Can We Reverse the Tide?
We might take it for granted, but water is singularly the most important part of life in Southwest Florida. It’s the reason for our existence and our biggest headache. Its abundance brings the bounties of our paradise—from boating and fishing on the Gulf of Mexico to our plentiful produce and citrus.
But the sheer quantities of water in South Florida, combined with our possibly misguided development and agricultural practices, also create the biggest challenges facing our precious ecosystems. We come to Florida to live a fruitful, relaxing life, but the excess of our indulgences are causing a strain on the environment, especially our water.
It might seem melodramatic to call the battle for cleaner water the biggest obstacle facing our region, what with unemployment, a housing crisis and a fragile economy. But those things are part of the ebb and flow of business cycles. With water, the farther we let it slide the more difficult it becomes to bring it back. We’ve already suffered losses that cannot be repaired.
A snippet from the Conservancy of Southwest Florida’s annual estuaries report card puts thethe problem into stark perspective. “… Florida has some of the nation’s poorest water quality ratings. Over 97 percent of bays and estuaries and over 42 percent of streams in Florida are in poor shape. … Overall, the state is fourth-worst for drinking water quality and 10th in violations of Clean Water Act permits.”

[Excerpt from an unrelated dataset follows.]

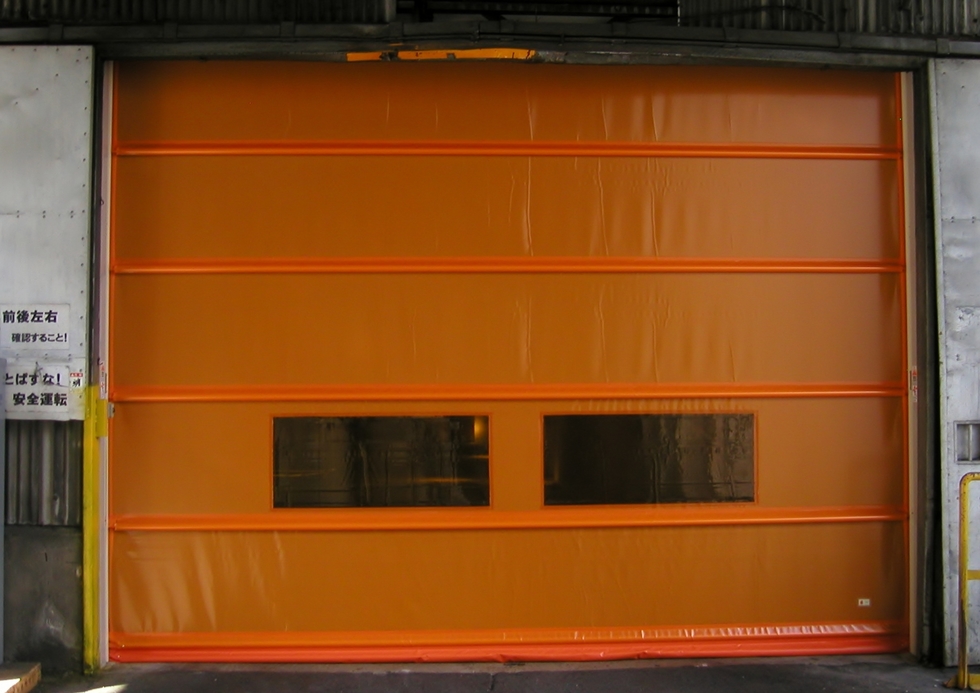 ビニールカーテン のれん 静電透明（リブ付）厚み2mm×幅300mm×長さ30m 1巻   工場 倉庫 冷房 暖房 パーテーション 間仕切り - 4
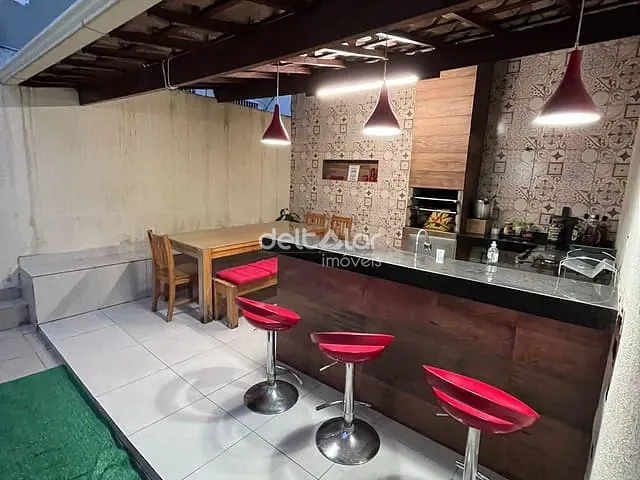 Casa com 220m² 3 quartos e 2 banheiros, à venda, no bairro Santa Mônica em Belo Horizonte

But there are people fighting daily to make sure our water resources will be in better shape for coming generations. And with a little luck, and some governmental support, they believe the tides will turn in their favor.
Battling Mining in the DRGR
For most of the past decade, Don Eslick and his cohorts in the Estero Council of Community Leaders have focused their energies managing an experiment in how unincorporated communities can control development. The group, a sort of self-appointed city council for the community just north of Bonita Springs, had banded together to impose strict design guidelines for commercial construction and fought off attempts by Wal-Mart to put stores in areas of which the community didn’t approve.
The result was a well-oiled machine versed in the intricacies of land-use but often too narrow in its vision. When a small band of residents in the community’s eastern-most reaches came to the council seeking help going up against mining interests in an area set aside by the county for drinking water replenishment, it was a big eye opener, Eslick says.
Estero leaders had been aware of mining operations in the eastern part of the community because of dump truck traffic that barreled down Corkscrew Road. But they weren’t aware of just how much of Lee County’s fresh drinking water came from that same area.
“(The mining opponents) really educated us on this issue,” Eslick says. “Virtually all fresh water, about 80 percent, comes out of about 250 wells in the area.”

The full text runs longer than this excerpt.